Observer feature writer Garfield (Private Battles, 2006, etc.) examines his passion for stamp collecting.
The veteran British author begins in late 2006, when he was on “the brink of ruin.” He was in debt; his marriage had collapsed; he was involved in an affair with a woman from his past. And philately was the proximate—though not, he reveals later, the ultimate—cause of all this. As Garfield slowly unspools the story of his rise and fall, he detours frequently to zoom in on areas of stamp collecting’s increasingly unfamiliar map. (Today’s young people don’t seem interested in the hobby, he notes.) He sketches the history of the postage stamp, interviews a former U.K. Postmaster General, visits stamp dealers and authorities, attends auctions, glances at how various writers (e.g., Philip Roth, Louise Erdrich) have used philately in their fiction, notes that celebrities like John Lennon have been collectors and examines stamps-never-issued in the Royal Mail Archive.

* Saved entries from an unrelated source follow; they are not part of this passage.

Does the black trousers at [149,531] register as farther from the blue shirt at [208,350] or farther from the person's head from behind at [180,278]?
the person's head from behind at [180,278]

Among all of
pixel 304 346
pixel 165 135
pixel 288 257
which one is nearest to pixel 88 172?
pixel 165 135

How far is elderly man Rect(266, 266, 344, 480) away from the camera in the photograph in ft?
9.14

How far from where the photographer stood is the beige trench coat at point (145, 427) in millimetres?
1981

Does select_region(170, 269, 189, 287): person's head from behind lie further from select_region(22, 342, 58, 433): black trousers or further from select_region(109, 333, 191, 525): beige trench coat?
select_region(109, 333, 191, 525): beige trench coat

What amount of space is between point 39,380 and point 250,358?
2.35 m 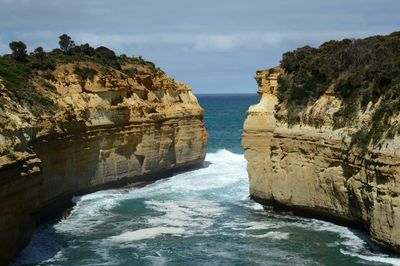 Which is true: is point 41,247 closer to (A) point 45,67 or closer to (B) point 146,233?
(B) point 146,233

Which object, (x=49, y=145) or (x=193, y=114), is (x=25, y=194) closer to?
(x=49, y=145)

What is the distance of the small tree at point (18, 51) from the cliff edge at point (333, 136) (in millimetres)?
15382

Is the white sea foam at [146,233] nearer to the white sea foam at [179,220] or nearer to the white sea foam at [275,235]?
the white sea foam at [179,220]

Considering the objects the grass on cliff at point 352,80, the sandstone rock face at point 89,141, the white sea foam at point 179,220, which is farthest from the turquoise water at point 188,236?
the grass on cliff at point 352,80

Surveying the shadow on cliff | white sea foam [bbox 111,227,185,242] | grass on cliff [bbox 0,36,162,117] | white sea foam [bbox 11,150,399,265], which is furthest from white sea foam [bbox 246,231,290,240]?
grass on cliff [bbox 0,36,162,117]

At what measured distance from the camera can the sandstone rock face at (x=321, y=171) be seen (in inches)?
865

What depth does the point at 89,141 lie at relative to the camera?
3562cm

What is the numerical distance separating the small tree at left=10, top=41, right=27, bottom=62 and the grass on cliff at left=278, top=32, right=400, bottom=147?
16650 millimetres

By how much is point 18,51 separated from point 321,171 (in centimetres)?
2187

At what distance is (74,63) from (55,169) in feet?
38.2

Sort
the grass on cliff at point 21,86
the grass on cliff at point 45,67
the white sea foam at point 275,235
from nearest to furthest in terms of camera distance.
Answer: the white sea foam at point 275,235 < the grass on cliff at point 21,86 < the grass on cliff at point 45,67

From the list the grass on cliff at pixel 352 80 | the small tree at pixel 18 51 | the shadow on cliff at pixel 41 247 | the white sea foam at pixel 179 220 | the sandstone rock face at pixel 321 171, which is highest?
the small tree at pixel 18 51

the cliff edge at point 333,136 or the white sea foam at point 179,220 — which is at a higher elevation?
the cliff edge at point 333,136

Garfield began collecting as a boy, he says, then gave it up as an adolescent and young man, but returned to it, with renewed vigor, in his 40s. He made substantial purchases (concealed from his wife) and became obsessed with “error stamps,” those with printing or production mistakes that elevated their value, sometimes enormously. He eventually credits Freud for helping him understand that his collecting was a form of compensation for the untimely losses of his father to a heart attack, his mother to cancer and his brother to viral pneumonia. Garfield depicts his marital infidelity in the same, vaguely self-serving light—and, of course, the flaws on his beloved stamps are analogous to those in his character. He eventually sold his most valuable stamps and paid some debts.
The author’s enthusiasm does not prove contagious.